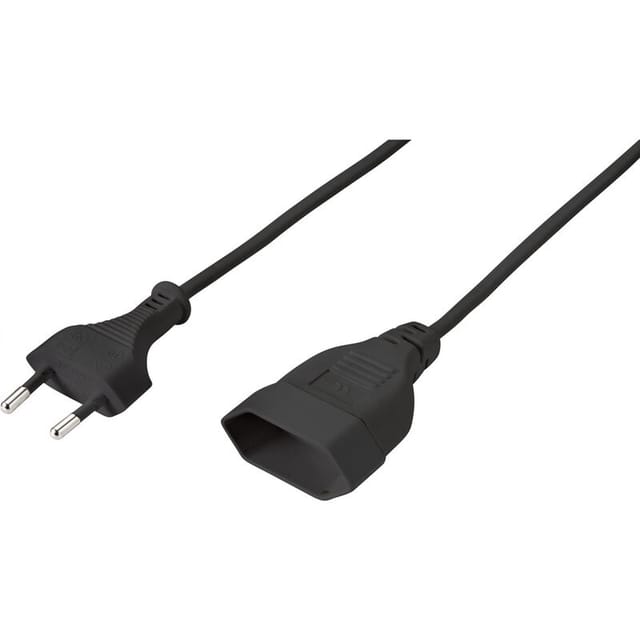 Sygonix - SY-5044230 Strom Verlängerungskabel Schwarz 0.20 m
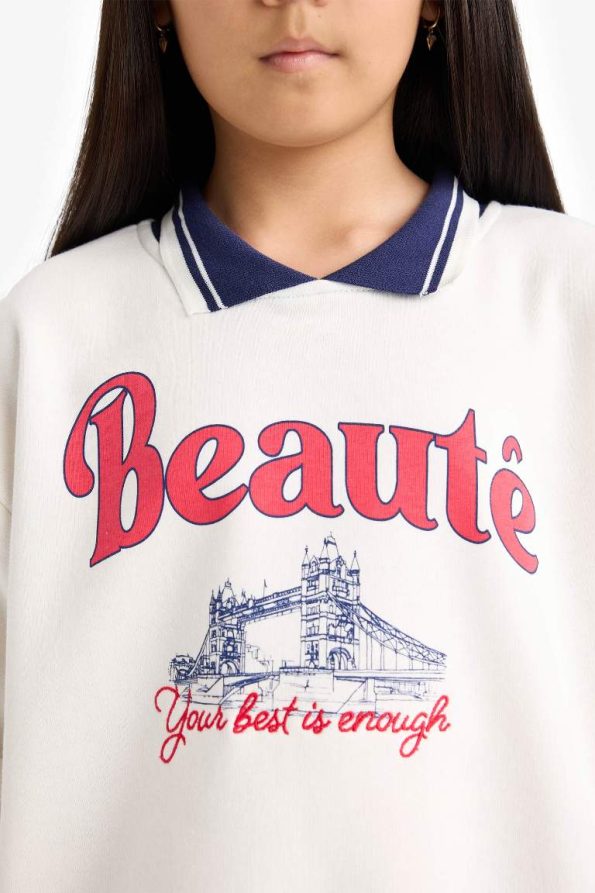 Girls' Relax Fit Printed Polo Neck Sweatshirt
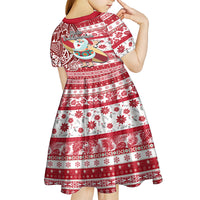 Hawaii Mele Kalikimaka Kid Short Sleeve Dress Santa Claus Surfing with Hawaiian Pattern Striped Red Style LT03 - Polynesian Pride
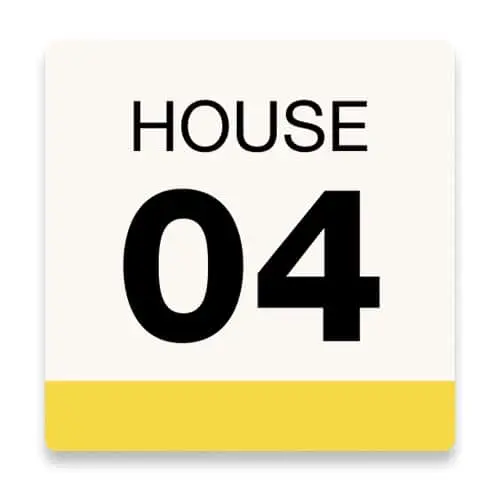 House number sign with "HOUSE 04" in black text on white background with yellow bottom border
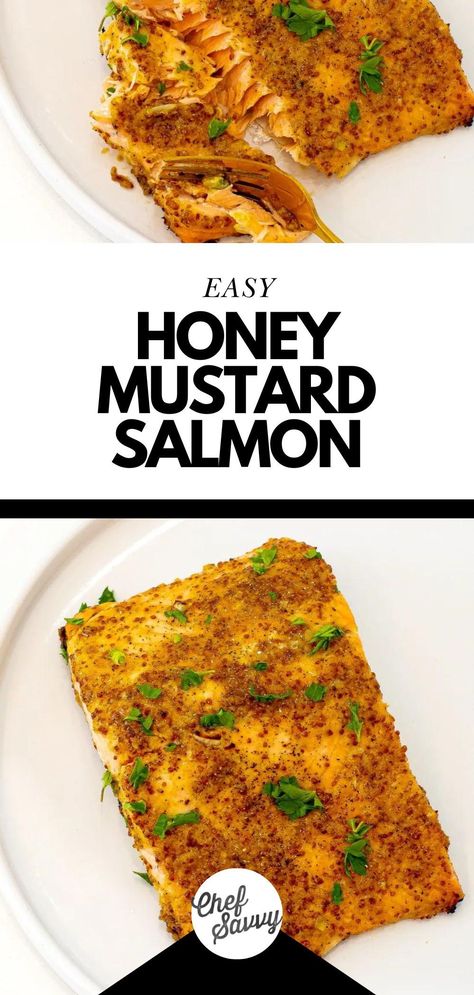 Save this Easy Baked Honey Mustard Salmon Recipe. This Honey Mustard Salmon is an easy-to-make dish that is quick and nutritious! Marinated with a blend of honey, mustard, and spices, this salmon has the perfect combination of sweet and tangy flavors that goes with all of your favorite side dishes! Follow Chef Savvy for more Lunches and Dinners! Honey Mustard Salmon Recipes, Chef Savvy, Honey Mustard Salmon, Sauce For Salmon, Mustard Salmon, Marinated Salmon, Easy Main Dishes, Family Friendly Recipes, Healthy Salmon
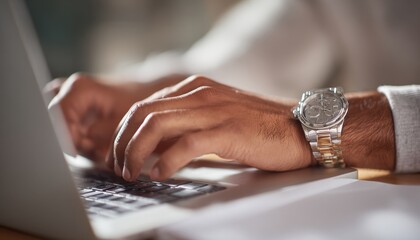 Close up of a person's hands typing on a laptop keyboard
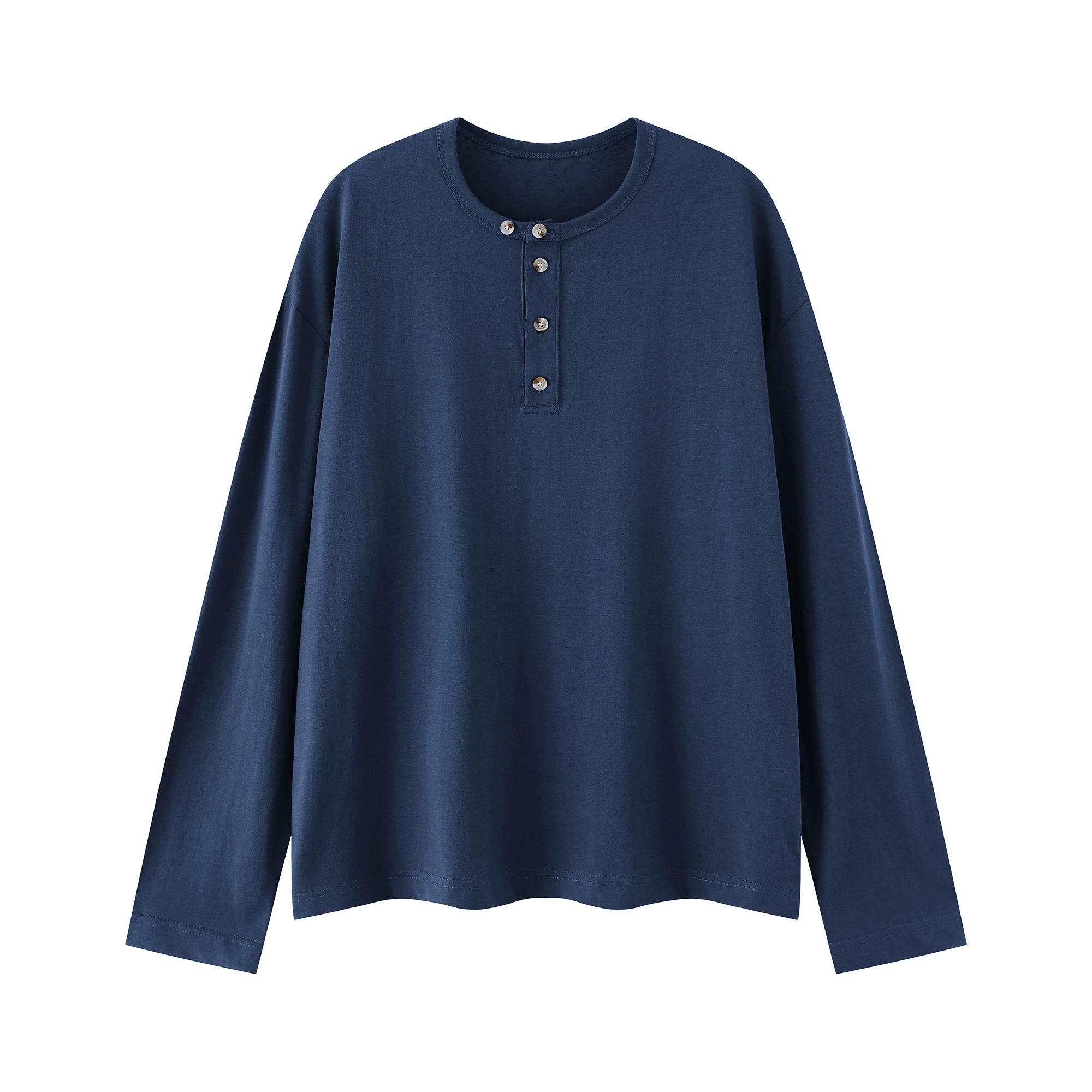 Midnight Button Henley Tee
...
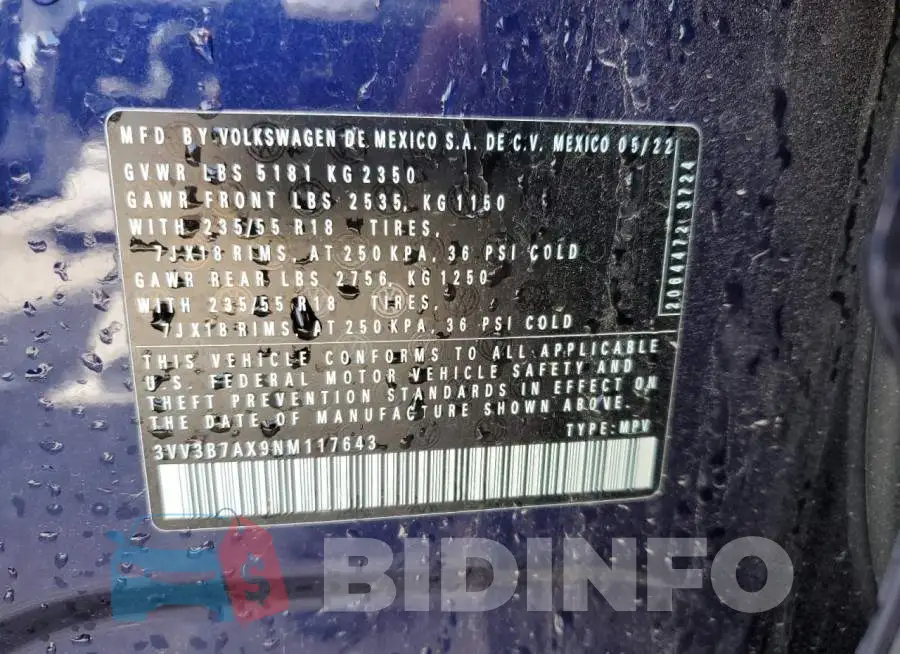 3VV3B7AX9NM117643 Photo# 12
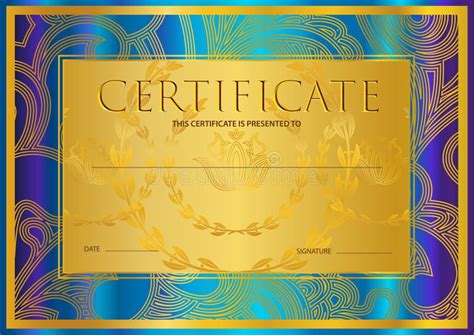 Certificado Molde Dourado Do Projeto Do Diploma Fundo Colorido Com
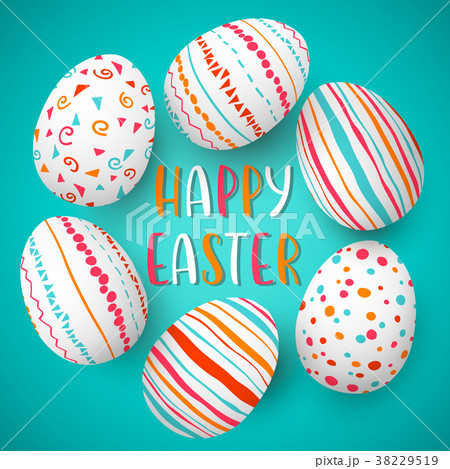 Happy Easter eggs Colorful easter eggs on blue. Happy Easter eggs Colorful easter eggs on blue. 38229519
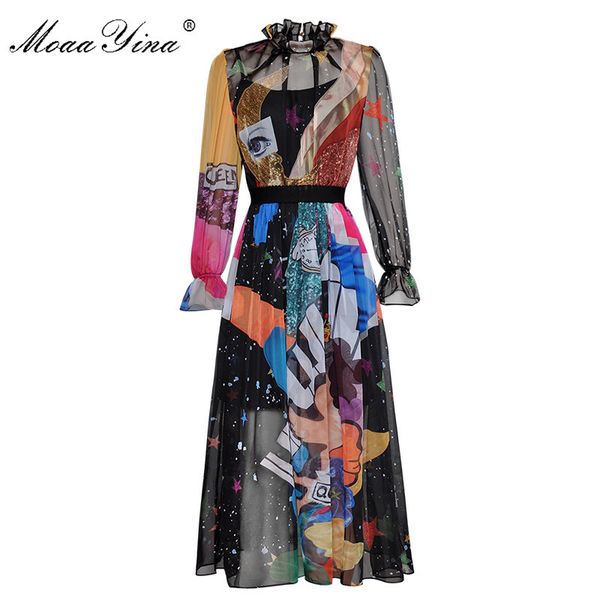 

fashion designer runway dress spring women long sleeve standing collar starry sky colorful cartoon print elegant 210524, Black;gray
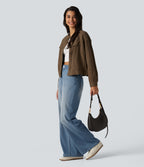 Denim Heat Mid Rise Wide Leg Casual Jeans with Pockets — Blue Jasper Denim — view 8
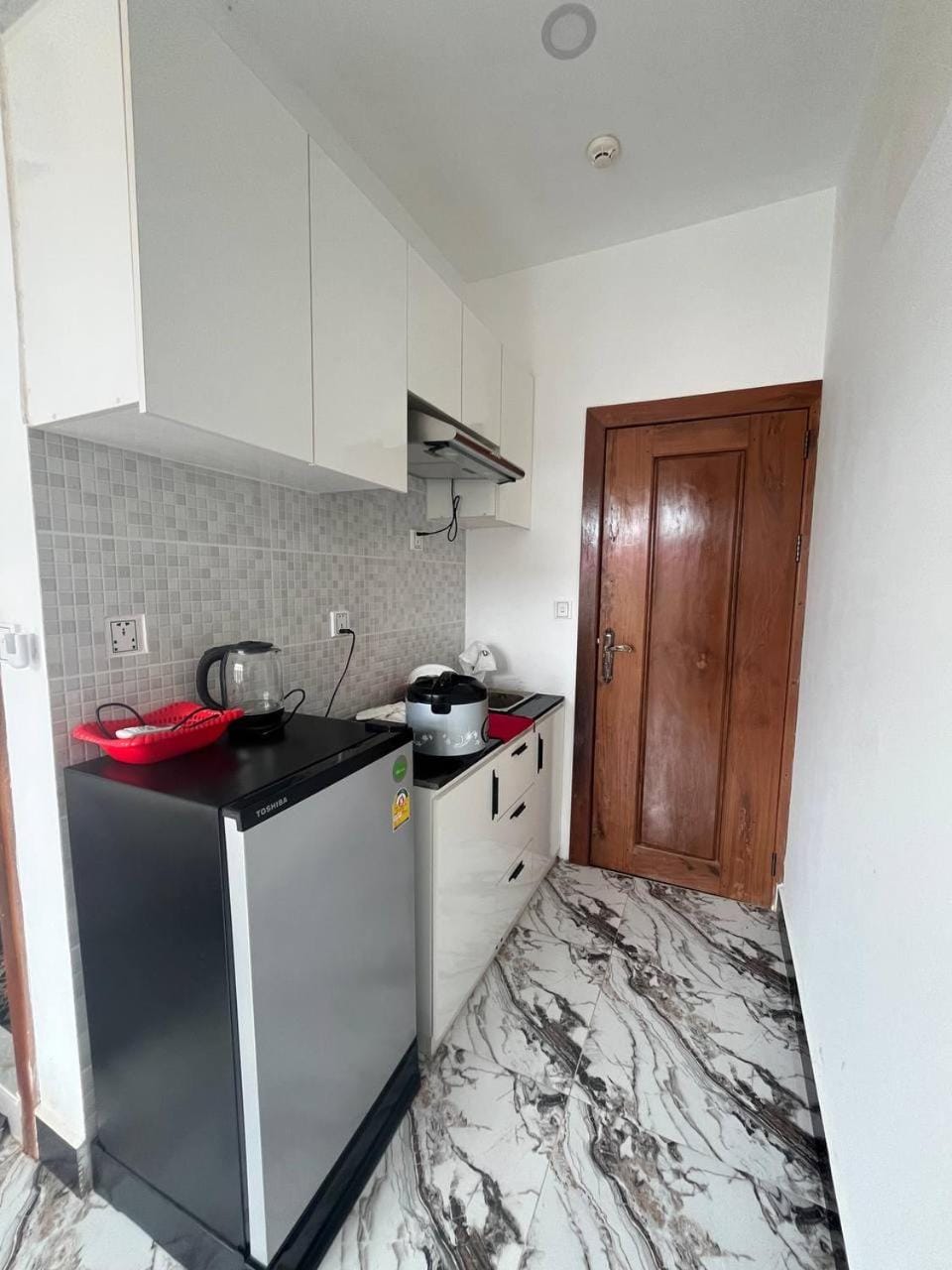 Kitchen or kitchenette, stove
--
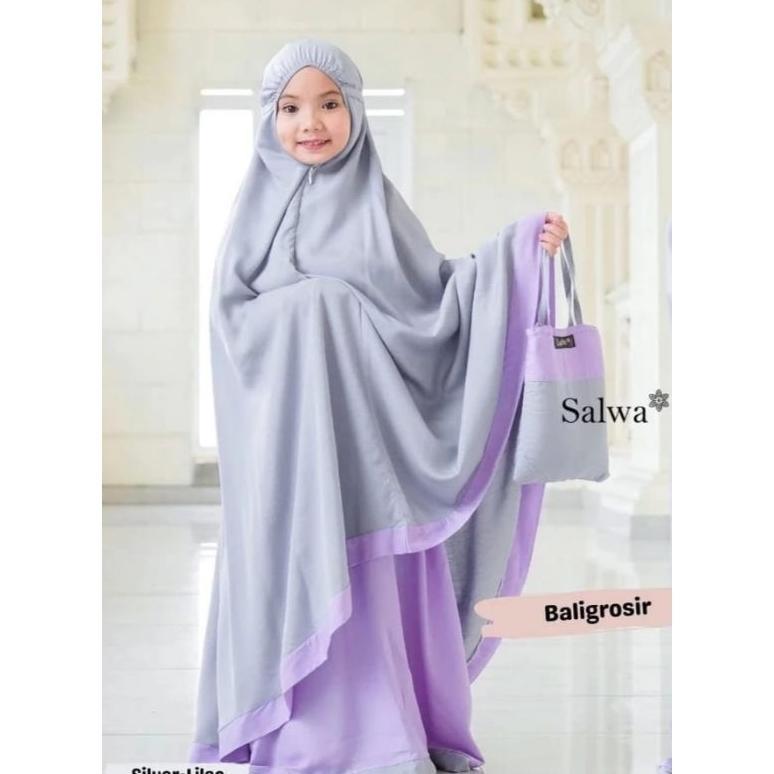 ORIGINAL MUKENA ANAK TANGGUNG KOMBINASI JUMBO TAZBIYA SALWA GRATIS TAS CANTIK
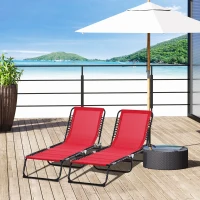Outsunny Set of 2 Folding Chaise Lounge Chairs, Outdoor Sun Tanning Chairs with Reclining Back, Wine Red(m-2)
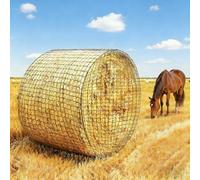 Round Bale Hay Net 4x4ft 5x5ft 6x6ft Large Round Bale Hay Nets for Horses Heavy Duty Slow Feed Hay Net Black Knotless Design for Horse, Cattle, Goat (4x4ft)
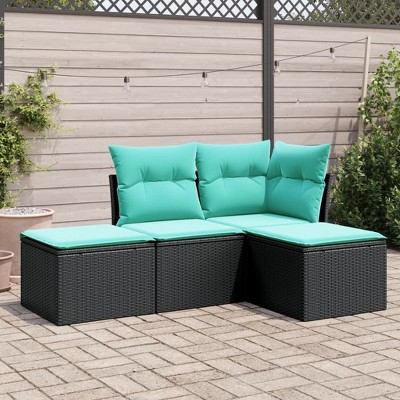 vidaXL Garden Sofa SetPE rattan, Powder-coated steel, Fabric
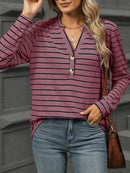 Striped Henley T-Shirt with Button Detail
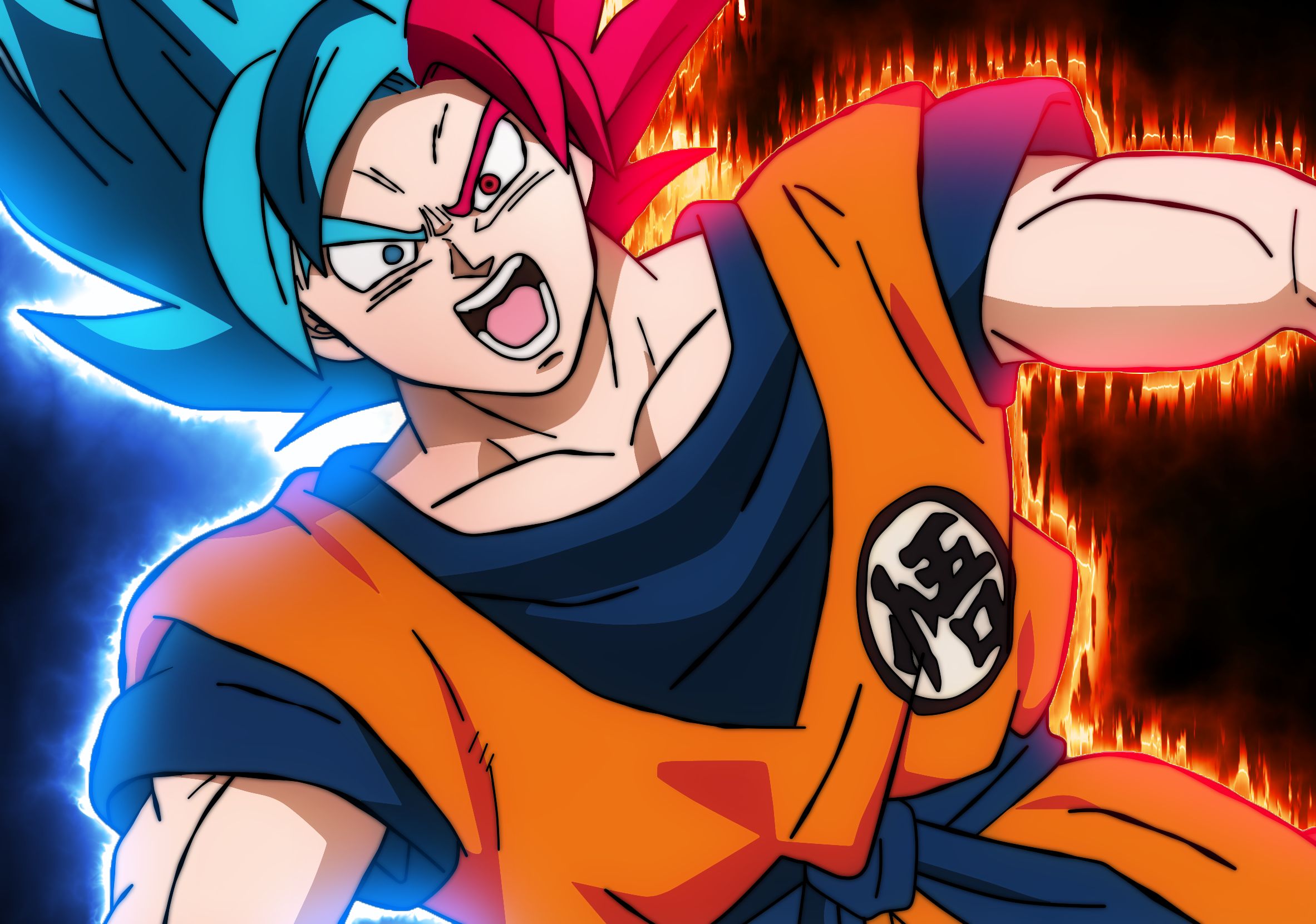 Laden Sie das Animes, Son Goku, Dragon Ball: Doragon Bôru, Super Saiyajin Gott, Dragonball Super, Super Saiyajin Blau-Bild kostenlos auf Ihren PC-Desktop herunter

§ ACTIVITY:
Output exactly those lines of the data above that run from the line with "Hawaii Mele Kalikimaka" up to and including the line with "House number sign". No pictures go in.

§ REPLY TO THE TASK:
 Hawaii Mele Kalikimaka Kid Short Sleeve Dress Santa Claus Surfing with Hawaiian Pattern Striped Red Style LT03 - Polynesian Pride
 House number sign with "HOUSE 04" in black text on white background with yellow bottom border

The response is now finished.